■ What you are asked to do: Please return exactly the lines below that run from the line with "Soleil - Red" through the end of the listing, both included, but not the pictures.
═══ Records supplied
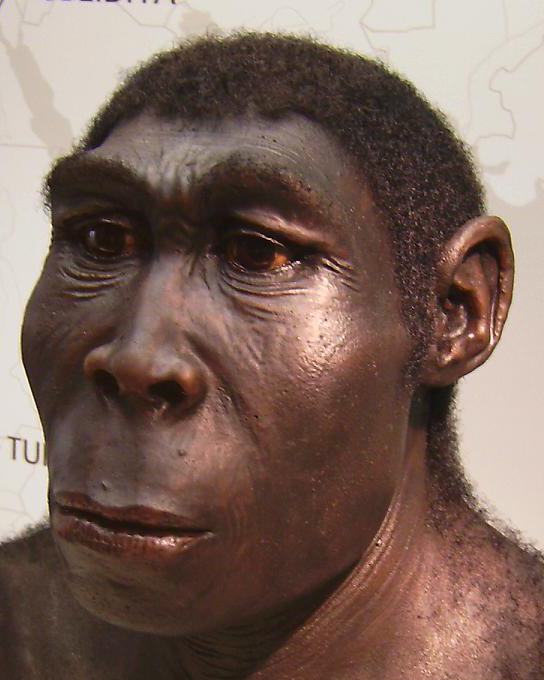 Obrázek homo erectus nezabudaj kto si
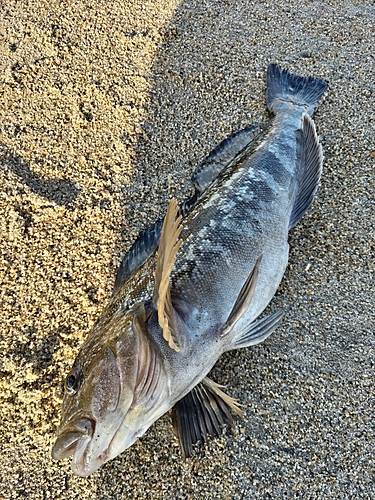 アイナメの釣果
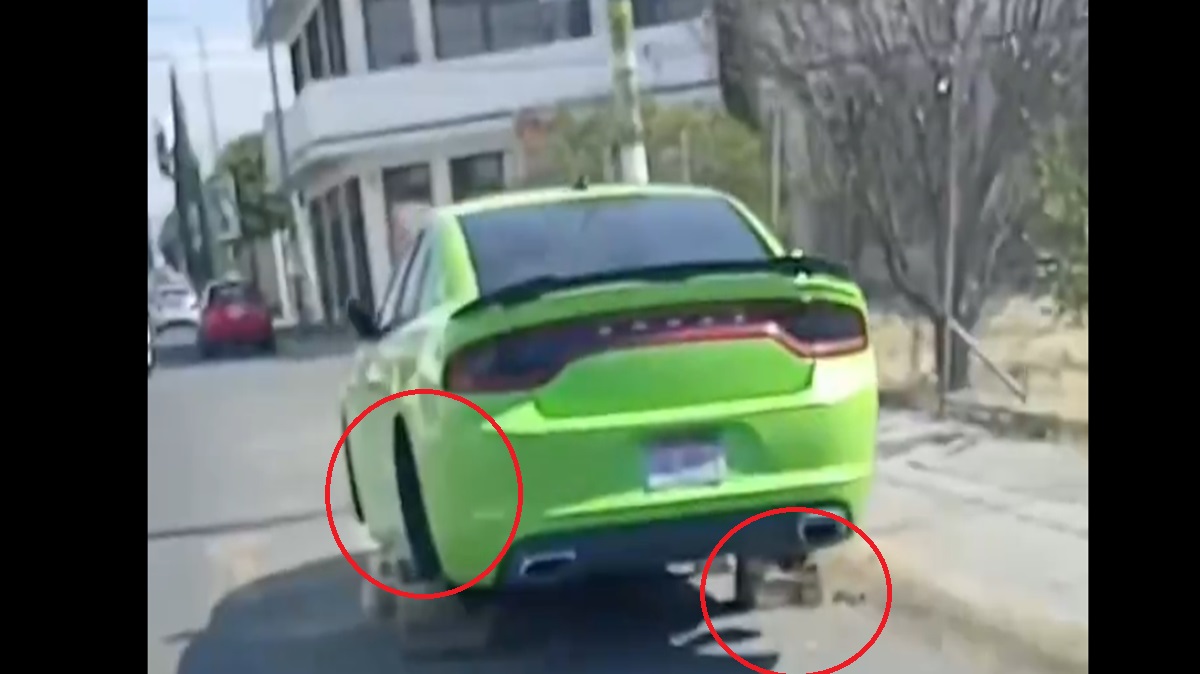 IMPARABLE Robo de autopartes en Puebla: Dodge Charger amaneció sin llantas en San Andrés Cholula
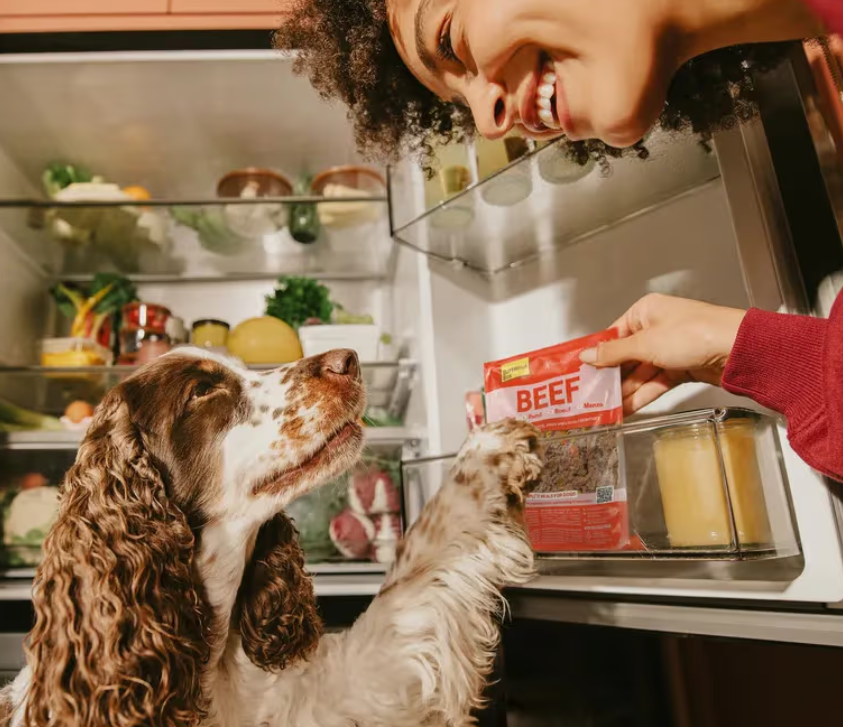 AGE's in hondenvoer: is vers eten echt beter dan brokken?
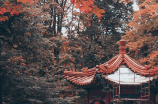 花园口决堤：中国水利工程的丰碑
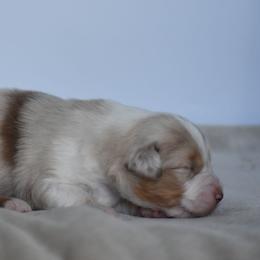 Soleil - Red merle female Australian Shepherd puppy in Jameson, Missouri from Sky Creek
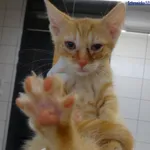 Znaleziono kota, Szczecin, 4 sierpnia 2025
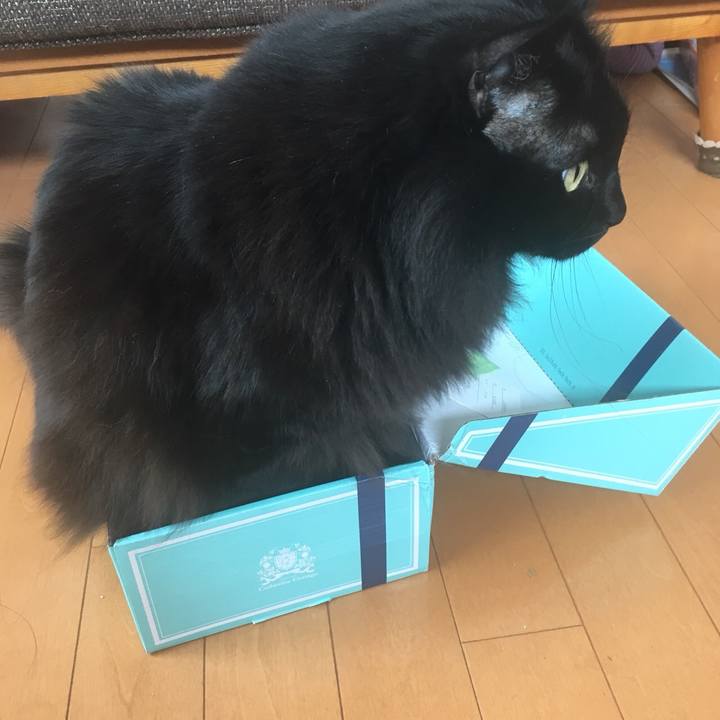 C7e98830 e400 4460 a338 affeb385ebca 1550915252243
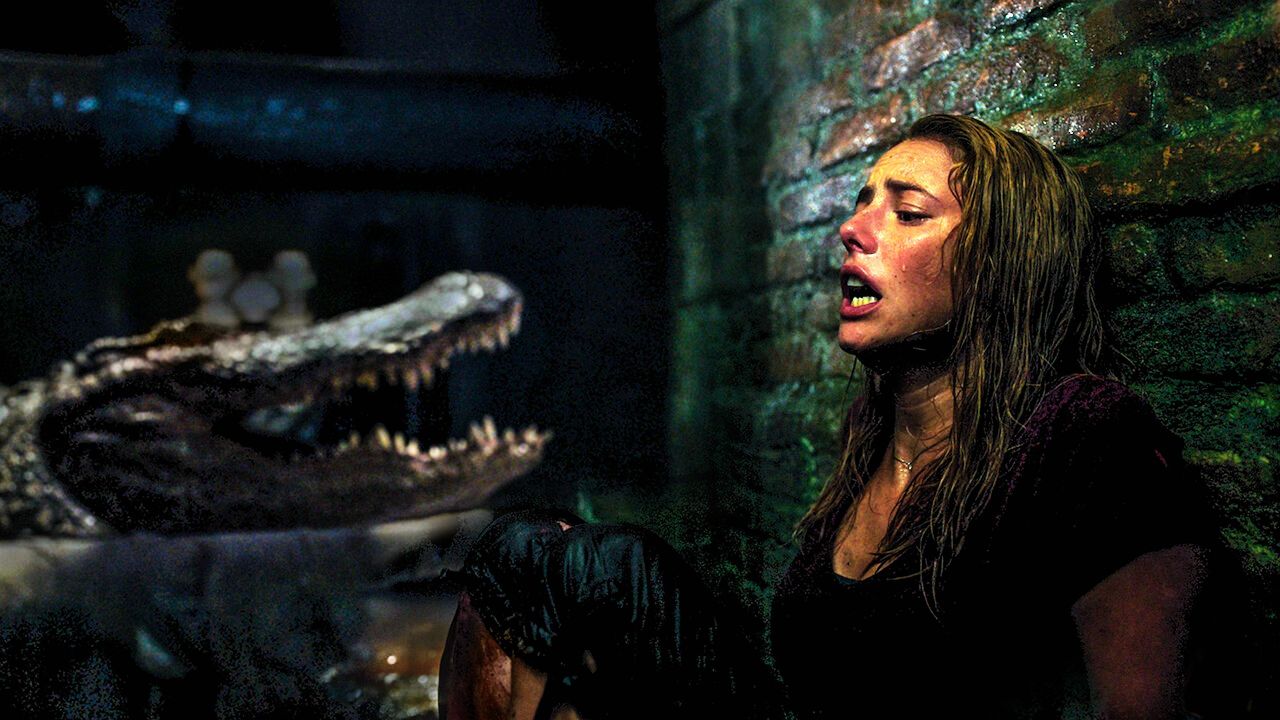 巨鳄风暴:心跳瞬间,你能否抓住命运的尾巴?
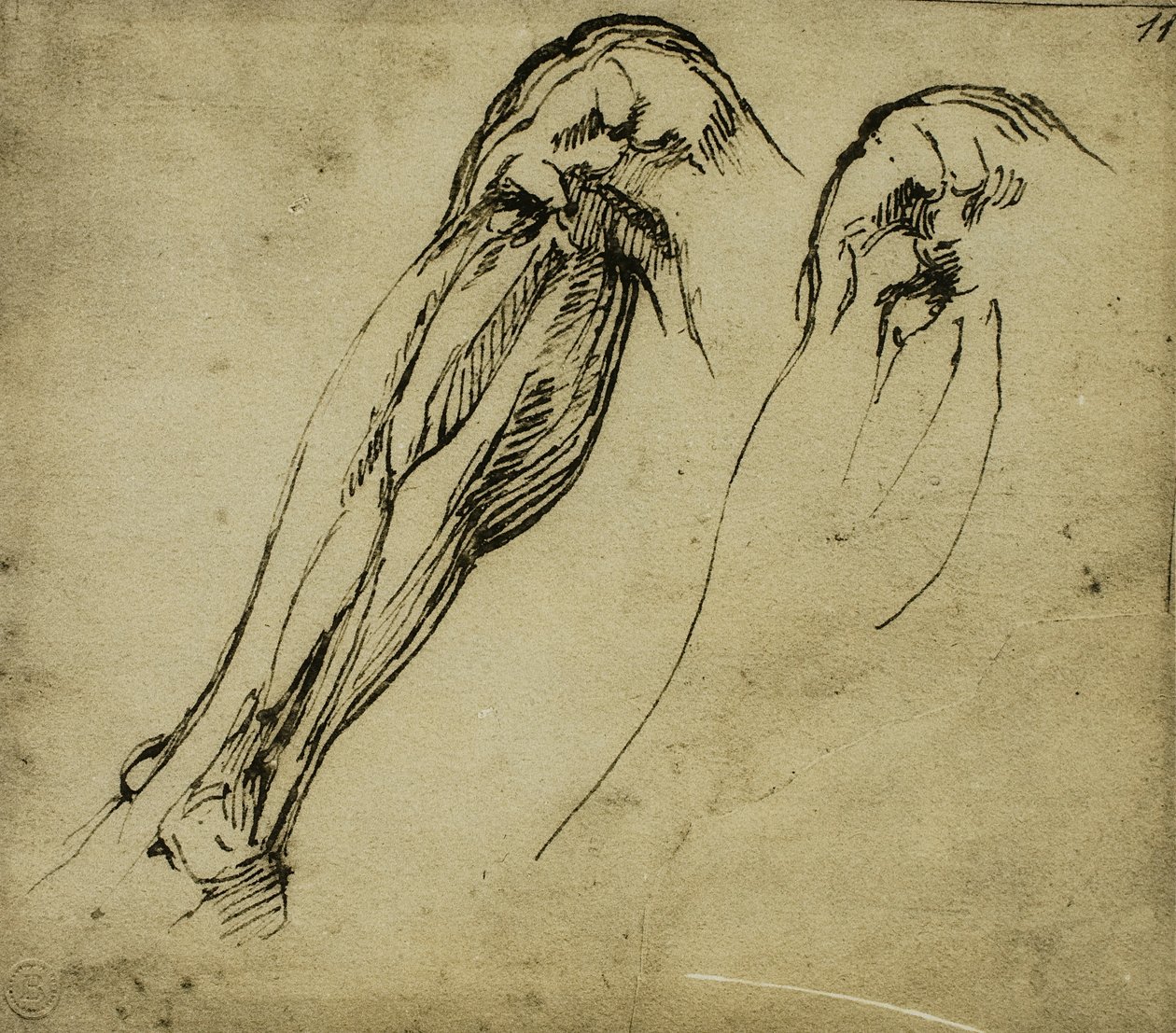 Anatomische Studien eines Beins, Zeichnung von Michelangelo. Casa Buonarroti, Florenz von Michelangelo Buonarroti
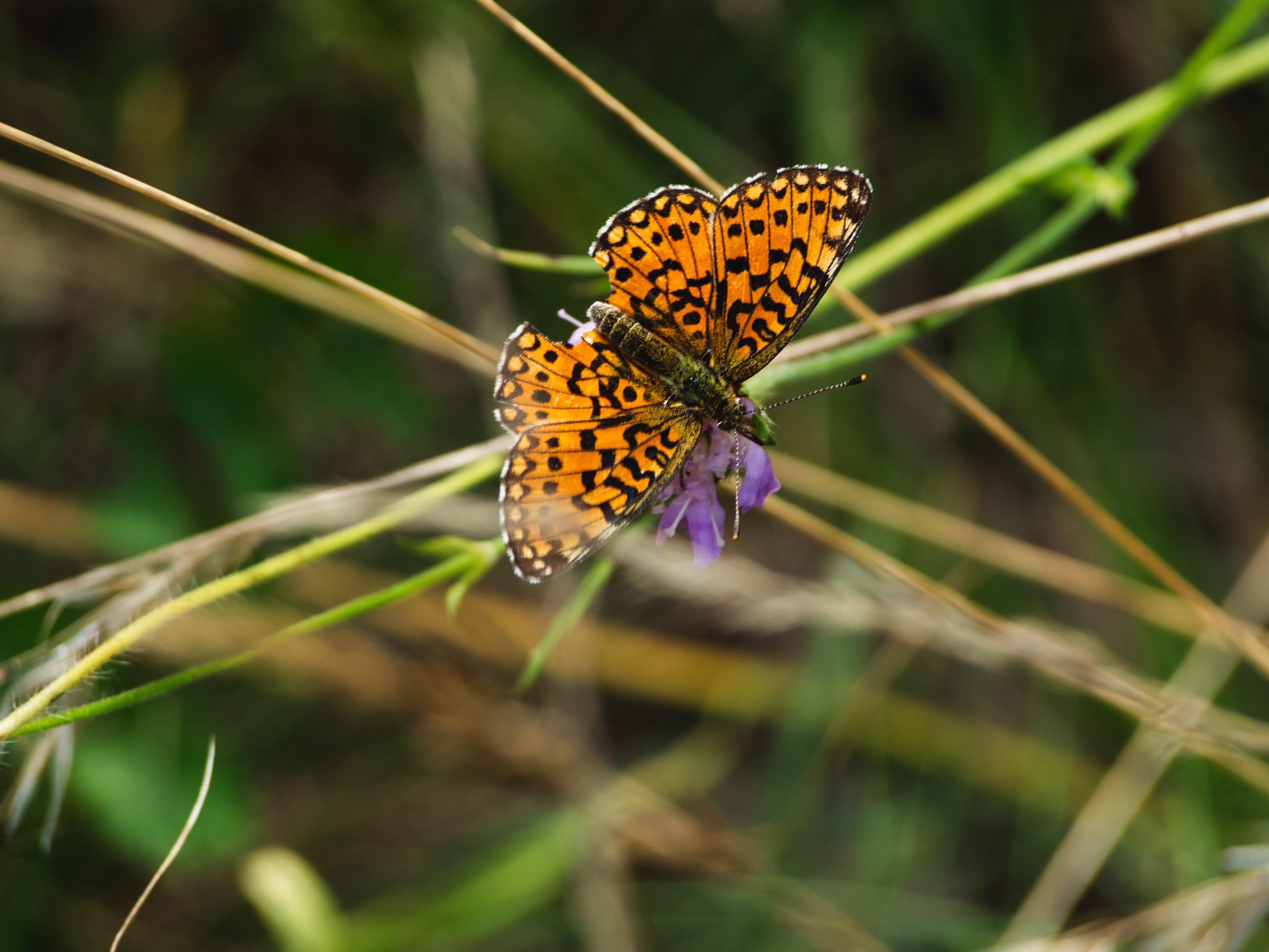 Orange and black spotted fritillary butterfly with wings spread, perched on a small purple flower among dry grass stems.
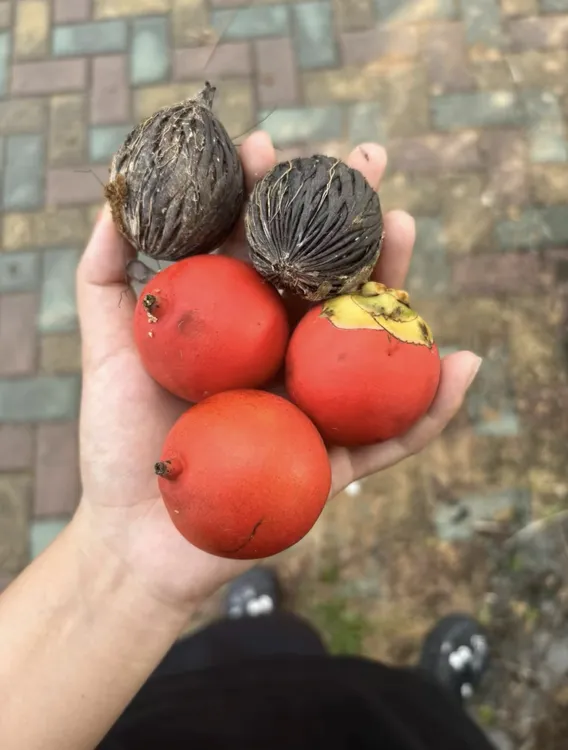 千丝菩提果子狐尾椰果子热带雨林果子自然比其他地方的大带壳盘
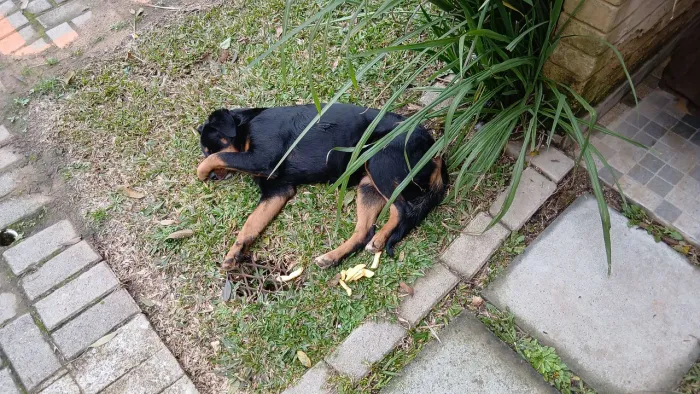 Doação de cachorro porte médio/grande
══════
■ Task solution:
 Soleil - Red merle female Australian Shepherd puppy in Jameson, Missouri from Sky Creek
 Znaleziono kota, Szczecin, 4 sierpnia 2025
 C7e98830 e400 4460 a338 affeb385ebca 1550915252243
 巨鳄风暴:心跳瞬间,你能否抓住命运的尾巴?
 Anatomische Studien eines Beins, Zeichnung von Michelangelo. Casa Buonarroti, Florenz von Michelangelo Buonarroti
 Orange and black spotted fritillary butterfly with wings spread, perched on a small purple flower among dry grass stems.
 千丝菩提果子狐尾椰果子热带雨林果子自然比其他地方的大带壳盘
 Doação de cachorro porte médio/grande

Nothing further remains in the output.